The project uses machine learning to classify whether granting loan to a particular customer is safe or risky.

It uses XGBoost Classifier to make predictions on data and is deployed as a web app using Flask framework. The classifer has been optimized over the ROC AUC metric and gives a score of 0.86.

Structure of the Project

The contents of the repository are as follows

  • app - Folder containing the flask app code.

    • static - folder containing images and CSS for the website.
    • templates - folder of HTML files that are rendered.
    • routes - python code file of the backend created using flask.
    • categories - python file containing list of categories for the categorical variables in the html form.
    • init - python file used to initialize a module. It creates the flask app object.
  • Loan Defaulter Prediction - jupyter notebook that was used to carry out data analysis, feature engineering, and modelling of the machine learning classifier.

  • my_pipeline - pickle file of the machine learning pipeline that is used to preprocess and make predicitions of the user input.

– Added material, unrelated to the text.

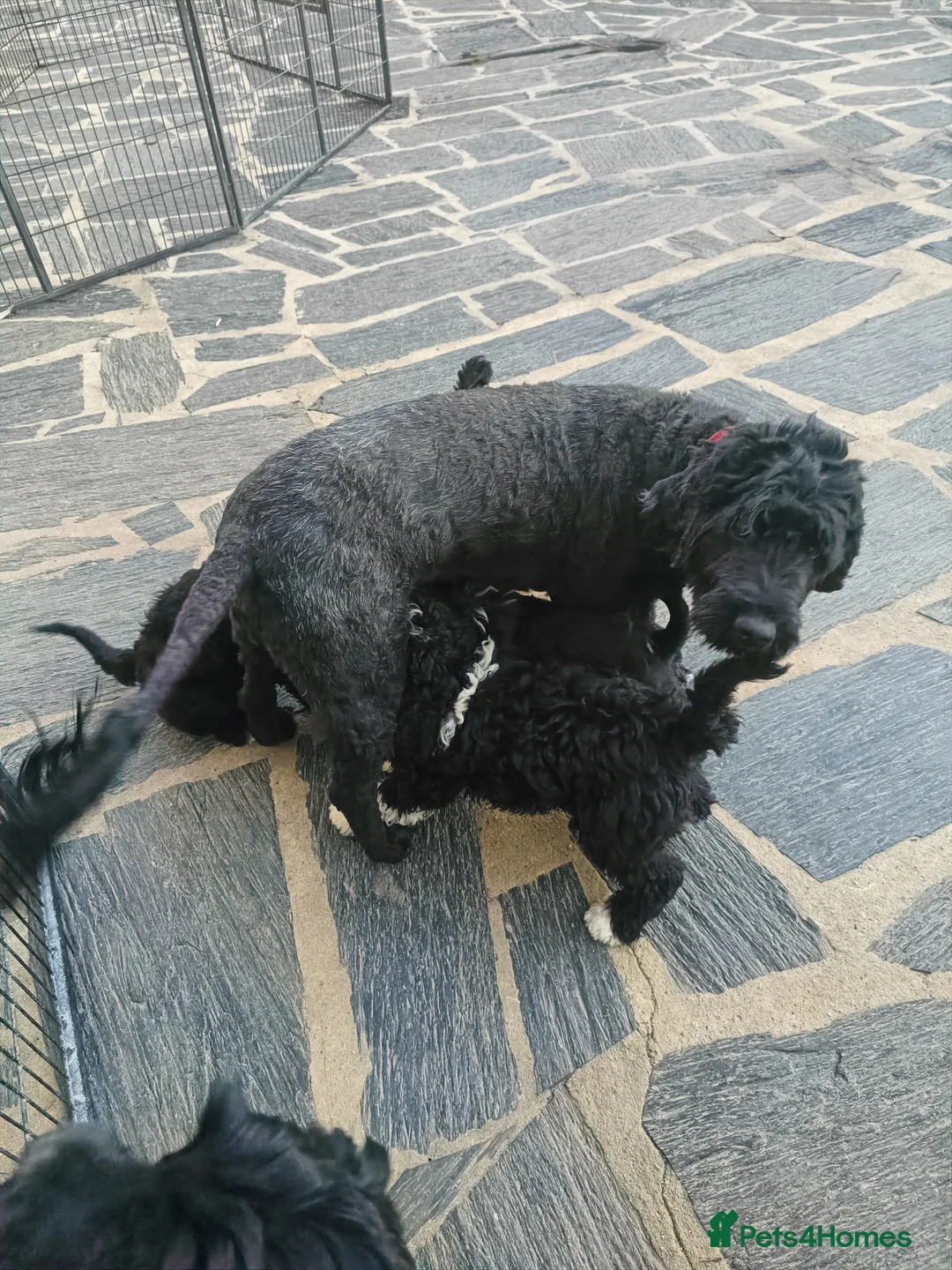 Portuguese Water Dog dogs for sale: Pwd puppies - Advert 1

  • Data - csv file of the data over which the model was trained and tested. Source - Kaggle

  • run - python file that imports the flask app object from the app module and runs it on the local server, in the debug mode.

  • requirements - a .txt file that lists all the required packages for running the flask app and viweing the jupyter notebook.

Installing the Project

  1. Download all the files in the repository.

  2. Install all the required packages in your python environment listed in requirements.txt file.

    • Using pip :
    pip install -r requirements.txt
    • Using conda :
    conda create --name <env_name> --file requirements.txt
  3. Open terminal/anaconda prompt and activate the environment with required packages.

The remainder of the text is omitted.